Modernism
Characteristics of Modernism
- A strong break with all things traditional, including religious, political and social structure. During the war period (1920-1950 roughly), many writers/artists in the civilized world as a whole became very skeptical of whatever institutions had brought the world to the brink of ruin. If you’ve ever seen a picture of the bombed out London or Germany, you can see why their world looked like a wasteland. So the literature of the period reflects this distrust of traditional mores, religion, etc.
- A belief that the world is what we think it is. Since there seemed to be no one at the helm of the world gone crazy, then who’s to say that anyone knows more than an individual person what is real?
- There is no such thing as absolute truth. All things are relative. Again, if religion fails us, the government fails us, and society fails us, then what do we believe?
- A feeling of alienation, loss, and despair. So, of course, there is despair. What is more terrible than believing that we are all out in the world or universe alone, with no real boundaries or rules and no one to believe in?
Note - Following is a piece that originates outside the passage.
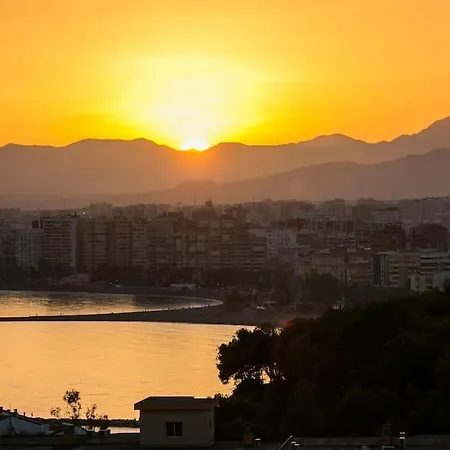 Andalusian On The Sea And The Bay Of Villa Malaga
- Belief in the individual and the strength of the individual. Thus, the individual and his/her own thoughts become the only reality that can be relied on.
- The world is random and disordered. The political structure of Europe had brought Hitler to power, after all. So, in response, they believed that any artistic work or fiction that imposed an unrealistic structure or even structure at all was pretentious and untrustworthy. Some of the artistic works and poems appear to be fragments.
- Interest in the subconscious mind, psychology. If reality lies in the mind and individual, then the operations on the mind, whether subconscious or conscious, maybe our best way to find a context for reality.